WHAT THE EXERCISE ASKS:
Copy the listing below exactly. Pictures stay out of it.

-------

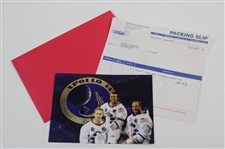 Astronaut Alan Shepard Signed Golf Shot On The Moon 25th Anniv. USGA Poster JSA ALOA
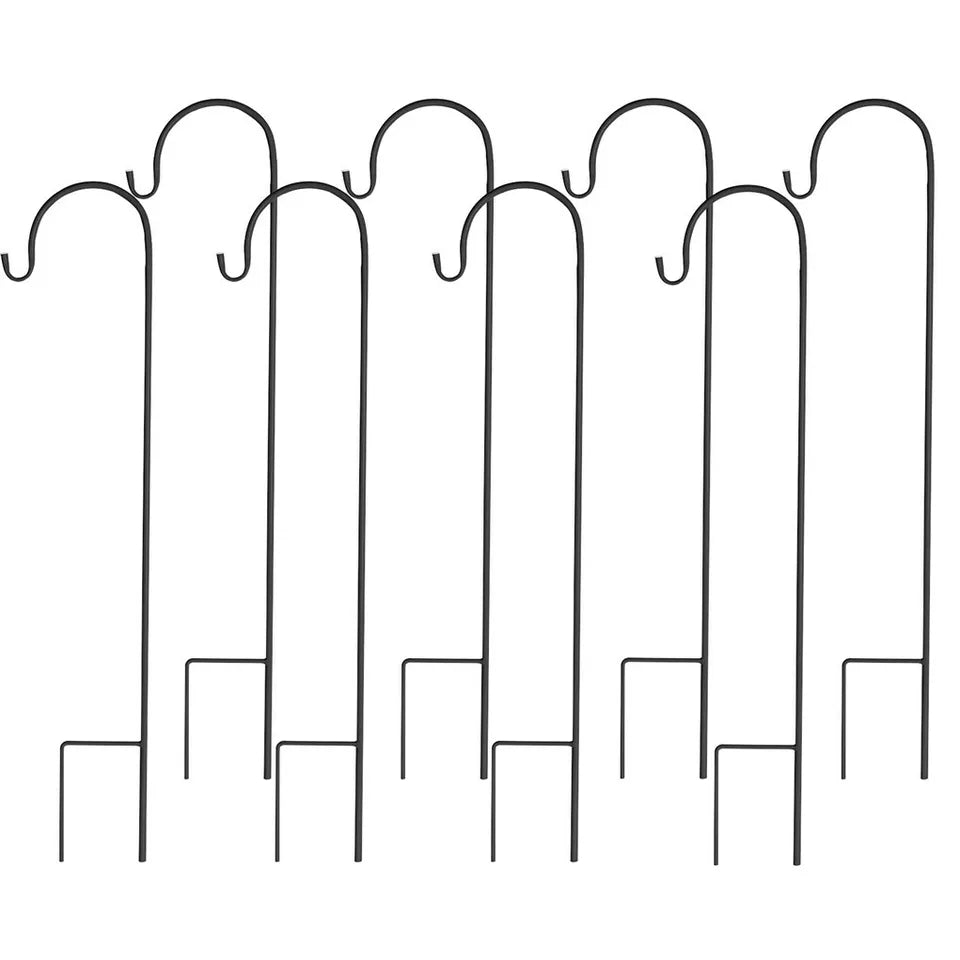 8X Shepherd Hooks – Garden Stakes & Hangers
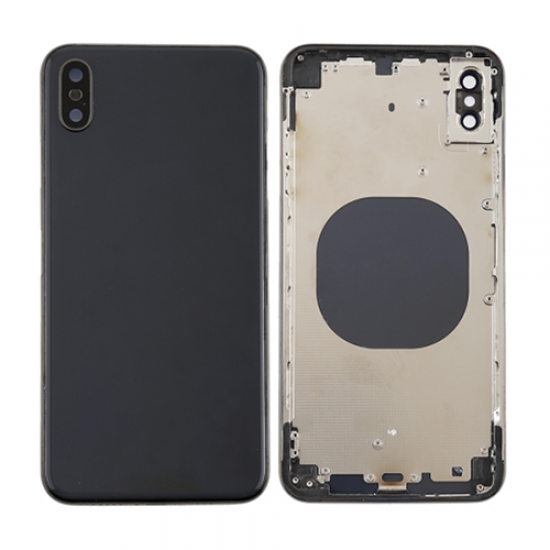 For iPhone Xs Max Rear Housing Black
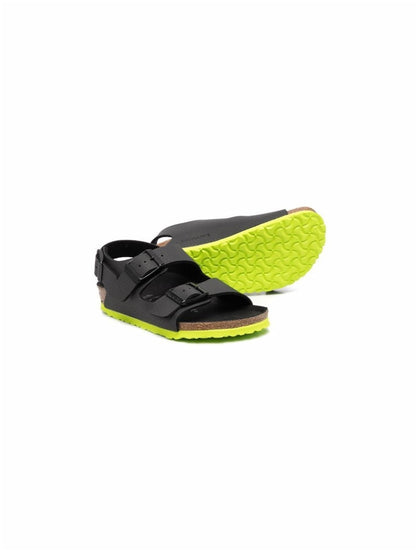 CIABATTA Nero Birkenstock Kids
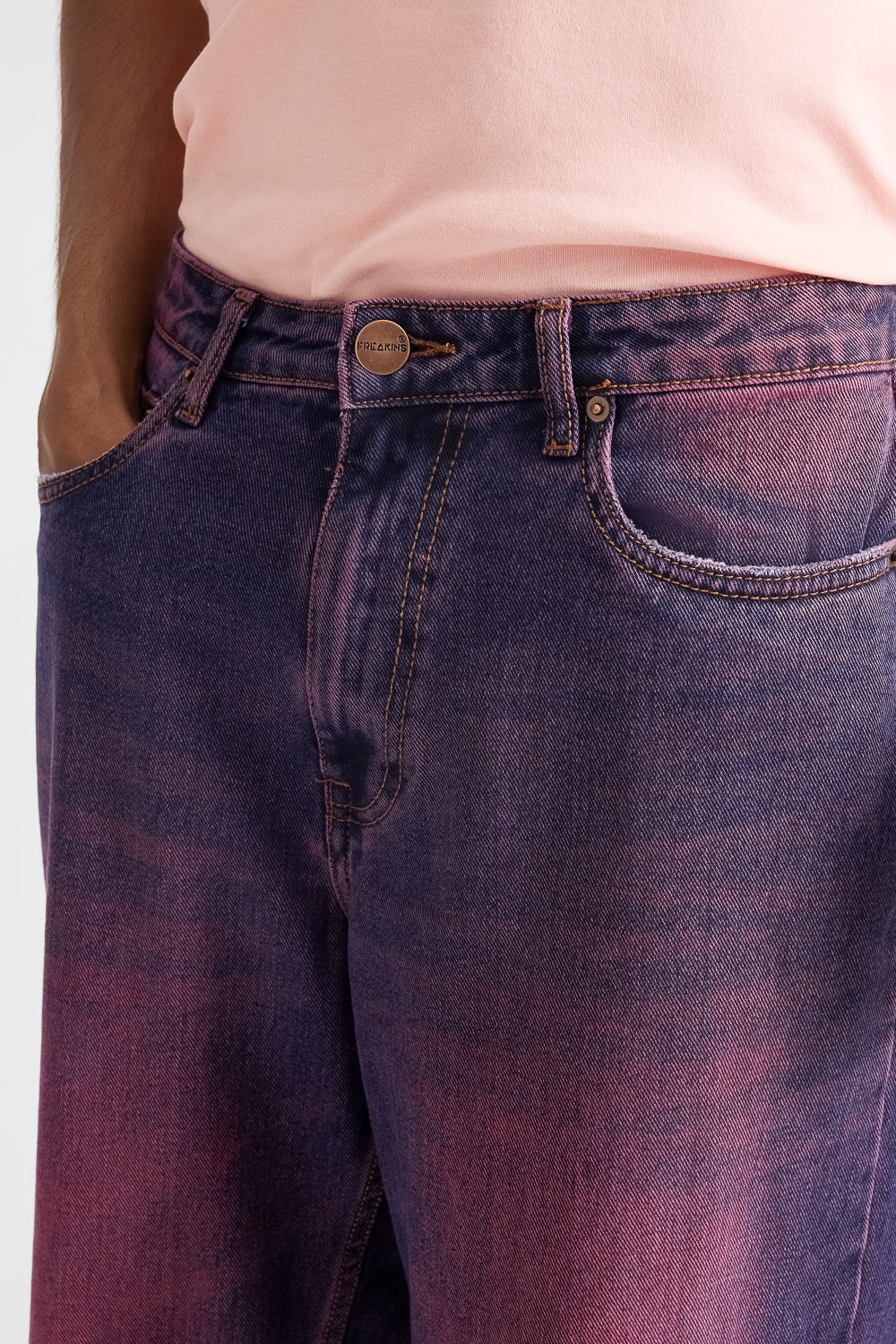 Purple Men's Straight Jeans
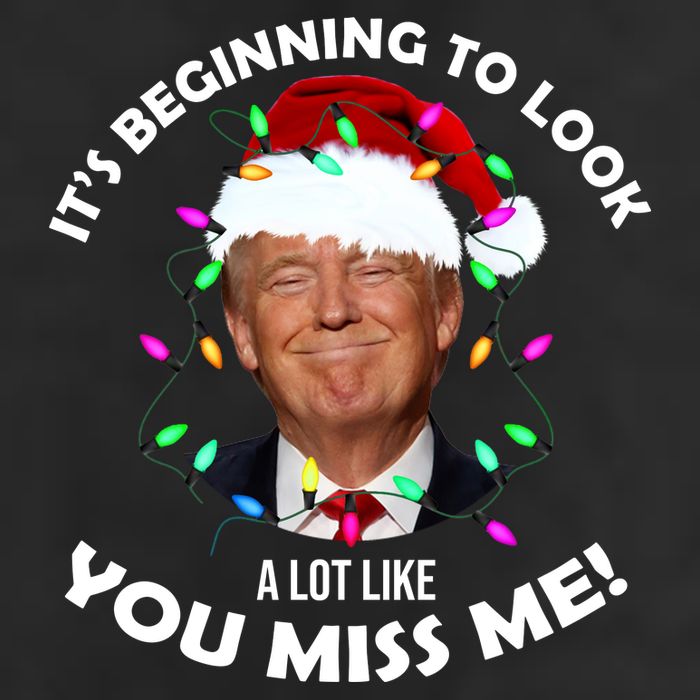 It's Beginning To Look A Lot Like You Miss Me Trump Christmas Adult Drive Performance Visor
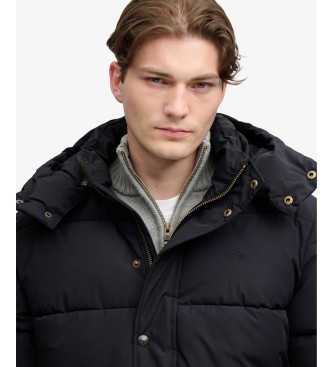 Superdry Premium sort jakke med hætte
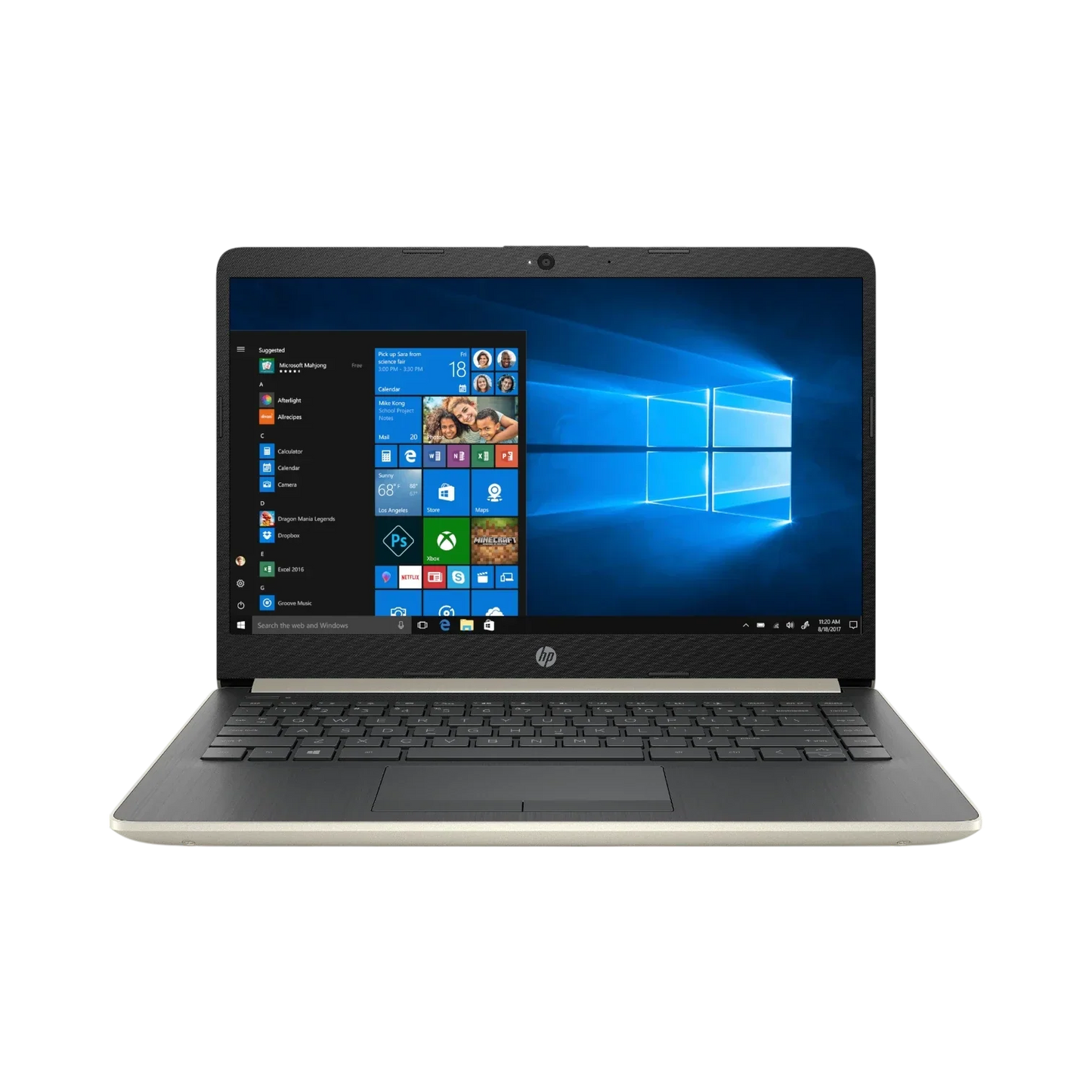 HP 14-cf0006dx 14" Laptop, Intel Core i3-7100U, 4GB DDR4 RAM, 128GB SSD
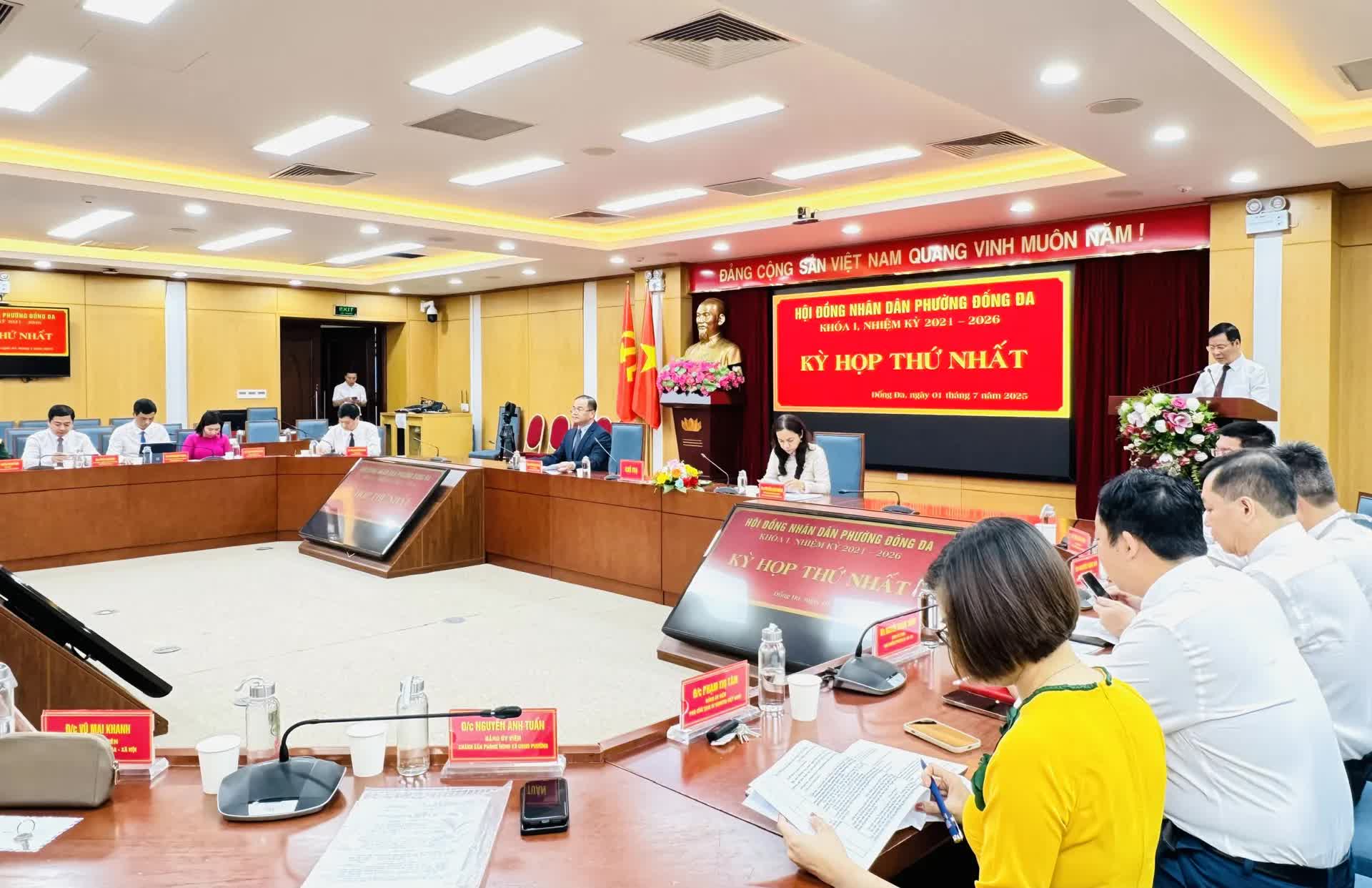 Phường Đống Đa quyết tâm bảo đảm thông suốt trong vận hành chính quyền địa phương 2 cấp- Ảnh 2.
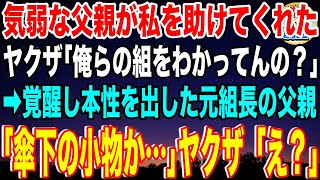 【スカッと】気弱でだらしない父親がDQNヤクザに絡まれた私を助けてくれた→ヤクザ「俺らの組をわかってんのか！？」元組長の父親「なんだ…傘下の小物どもか…」【感動】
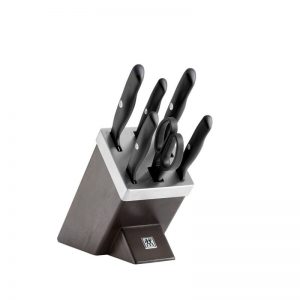 ست چاقو آشپزخانه 8 پارچه زولینگ مدل Black Knife Set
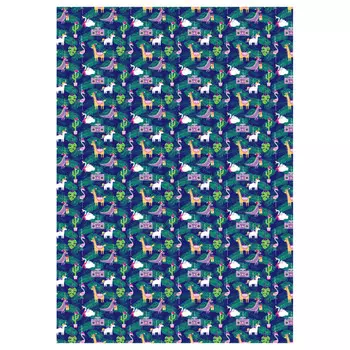 бумага упаковочная MESHU Новогодние игрушки 70х100см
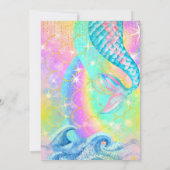 Zeemeermin Pool zee Party Roze Sparkle Glitter Kaart (Achterkant)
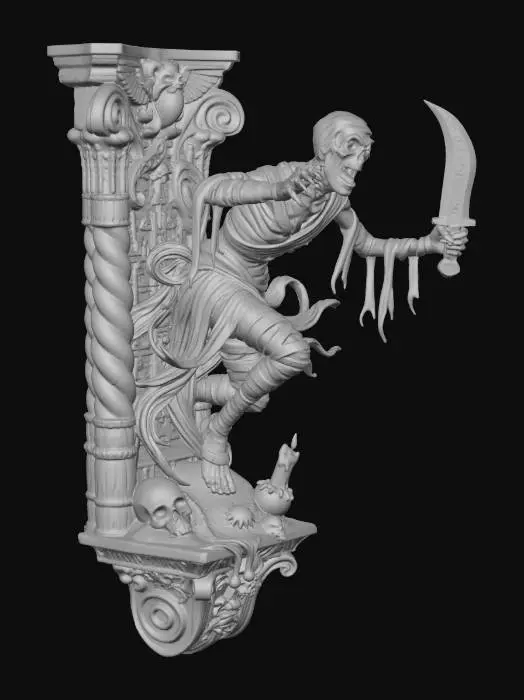 3D model for Warden of Skulls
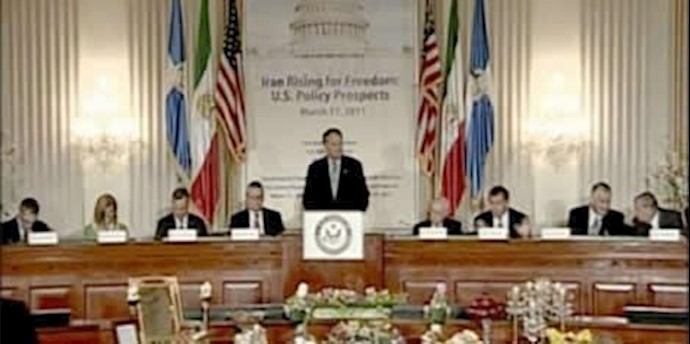 کنفرانس در کنگره آمریکا برای خارج کردن نام مجاهدین ازلیست تروریستی آمریکا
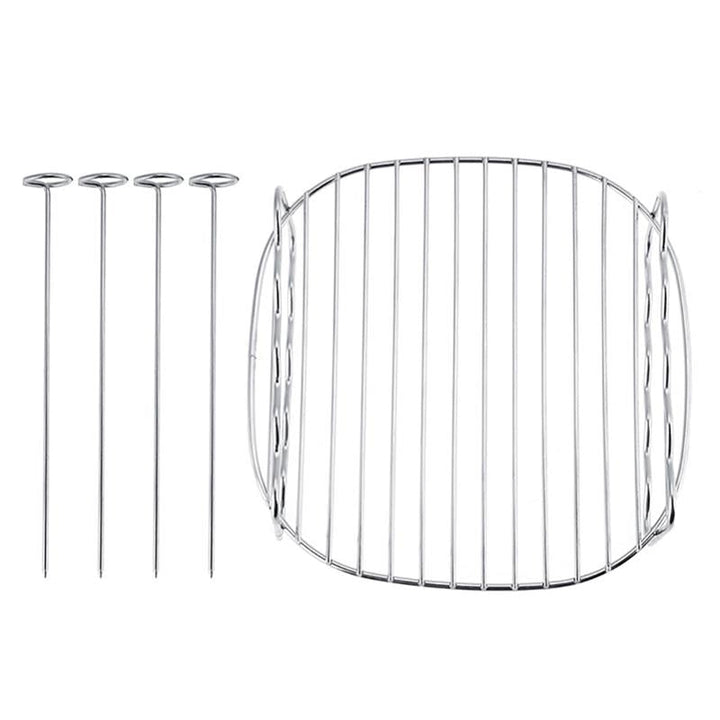 Double Layer Stainless steel Skewers Barbecue Rack BBQ Tray | Stornfield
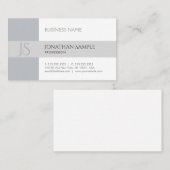 Modern Elegant Design Minimalist Chic Plain Trendy Business Card | Zazzle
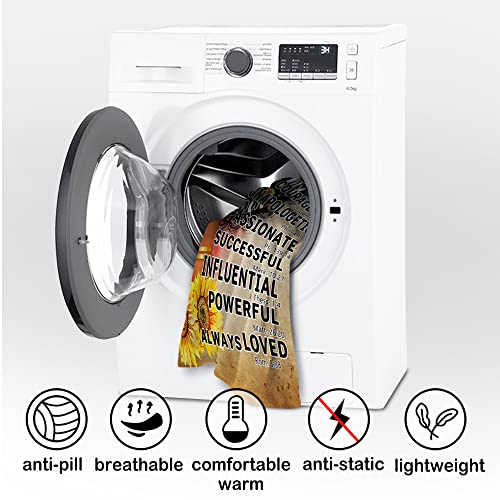 African Blanket Black Women Flannel Fleece Blanket Super Soft Cozy Plush Blankets For Couch Sofa Bed 60"X50" #TOP6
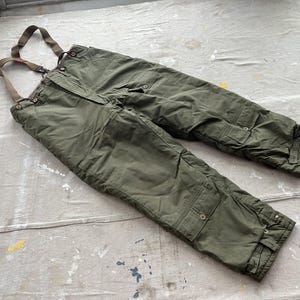 36 x 30 40s US Army Air Forces A-10 Flight Pants / 1940s Wool Lined Cold Weather Cargo Military Pants Fur Pile Liner Medium 34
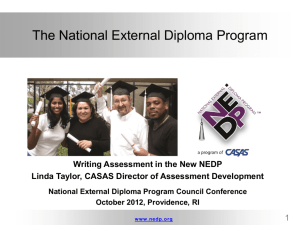 Formal Letter - National External Diploma Program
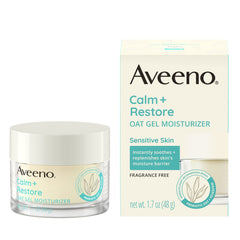 Aveeno Calm et Restore gel visage: texture légère qui apaise les peaux sensibles.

-------

EXERCISE RESPONSE:
 Astronaut Alan Shepard Signed Golf Shot On The Moon 25th Anniv. USGA Poster JSA ALOA
 8X Shepherd Hooks – Garden Stakes & Hangers
 For iPhone Xs Max Rear Housing Black
 CIABATTA Nero Birkenstock Kids
 Purple Men's Straight Jeans
 It's Beginning To Look A Lot Like You Miss Me Trump Christmas Adult Drive Performance Visor
 Superdry Premium sort jakke med hætte
 HP 14-cf0006dx 14" Laptop, Intel Core i3-7100U, 4GB DDR4 RAM, 128GB SSD
 Phường Đống Đa quyết tâm bảo đảm thông suốt trong vận hành chính quyền địa phương 2 cấp- Ảnh 2.
 【スカッと】気弱でだらしない父親がDQNヤクザに絡まれた私を助けてくれた→ヤクザ「俺らの組をわかってんのか！？」元組長の父親「なんだ…傘下の小物どもか…」【感動】
 ست چاقو آشپزخانه 8 پارچه زولینگ مدل Black Knife Set
 бумага упаковочная MESHU Новогодние игрушки 70х100см
 Zeemeermin Pool zee Party Roze Sparkle Glitter Kaart (Achterkant)
 3D model for Warden of Skulls
 کنفرانس در کنگره آمریکا برای خارج کردن نام مجاهدین ازلیست تروریستی آمریکا
 Double Layer Stainless steel Skewers Barbecue Rack BBQ Tray | Stornfield
 Modern Elegant Design Minimalist Chic Plain Trendy Business Card | Zazzle
 African Blanket Black Women Flannel Fleece Blanket Super Soft Cozy Plush Blankets For Couch Sofa Bed 60"X50" #TOP6
 36 x 30 40s US Army Air Forces A-10 Flight Pants / 1940s Wool Lined Cold Weather Cargo Military Pants Fur Pile Liner Medium 34
 Formal Letter - National External Diploma Program
 Aveeno Calm et Restore gel visage: texture légère qui apaise les peaux sensibles.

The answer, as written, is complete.